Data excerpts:
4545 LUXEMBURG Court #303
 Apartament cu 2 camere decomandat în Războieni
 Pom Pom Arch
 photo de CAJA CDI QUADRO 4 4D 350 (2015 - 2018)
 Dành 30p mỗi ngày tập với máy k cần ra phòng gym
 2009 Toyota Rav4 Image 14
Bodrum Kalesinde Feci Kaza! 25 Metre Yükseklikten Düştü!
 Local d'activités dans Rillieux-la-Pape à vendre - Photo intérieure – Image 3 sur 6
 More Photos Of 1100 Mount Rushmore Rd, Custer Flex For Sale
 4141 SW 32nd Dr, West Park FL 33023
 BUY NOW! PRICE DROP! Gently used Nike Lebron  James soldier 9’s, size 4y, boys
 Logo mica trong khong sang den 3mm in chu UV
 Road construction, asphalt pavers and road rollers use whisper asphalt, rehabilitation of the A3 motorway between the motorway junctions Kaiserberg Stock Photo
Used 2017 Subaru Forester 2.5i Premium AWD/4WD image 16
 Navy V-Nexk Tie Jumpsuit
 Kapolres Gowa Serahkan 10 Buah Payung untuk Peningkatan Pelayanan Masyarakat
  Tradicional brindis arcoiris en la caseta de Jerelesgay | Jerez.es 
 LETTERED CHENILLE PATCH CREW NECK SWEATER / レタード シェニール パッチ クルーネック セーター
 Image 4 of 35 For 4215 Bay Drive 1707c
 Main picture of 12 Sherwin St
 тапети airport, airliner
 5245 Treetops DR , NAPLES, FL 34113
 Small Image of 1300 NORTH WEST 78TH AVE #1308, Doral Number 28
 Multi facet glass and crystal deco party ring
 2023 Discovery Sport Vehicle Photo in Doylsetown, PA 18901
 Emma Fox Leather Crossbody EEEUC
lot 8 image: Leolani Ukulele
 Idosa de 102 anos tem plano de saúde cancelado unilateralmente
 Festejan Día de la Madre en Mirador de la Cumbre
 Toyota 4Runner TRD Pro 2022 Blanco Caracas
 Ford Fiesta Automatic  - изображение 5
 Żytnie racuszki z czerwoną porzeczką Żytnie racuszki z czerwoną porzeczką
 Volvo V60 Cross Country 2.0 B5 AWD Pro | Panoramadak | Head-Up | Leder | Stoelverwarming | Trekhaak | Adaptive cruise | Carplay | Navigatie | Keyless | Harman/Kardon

Assignment
Retype exactly the lines above, from the one with "тапети airport, airliner" through the one with "lot 8 image: Leolani Ukulele", inclusive.

Response for this exercise
 тапети airport, airliner
 5245 Treetops DR , NAPLES, FL 34113
 Small Image of 1300 NORTH WEST 78TH AVE #1308, Doral Number 28
 Multi facet glass and crystal deco party ring
 2023 Discovery Sport Vehicle Photo in Doylsetown, PA 18901
 Emma Fox Leather Crossbody EEEUC
lot 8 image: Leolani Ukulele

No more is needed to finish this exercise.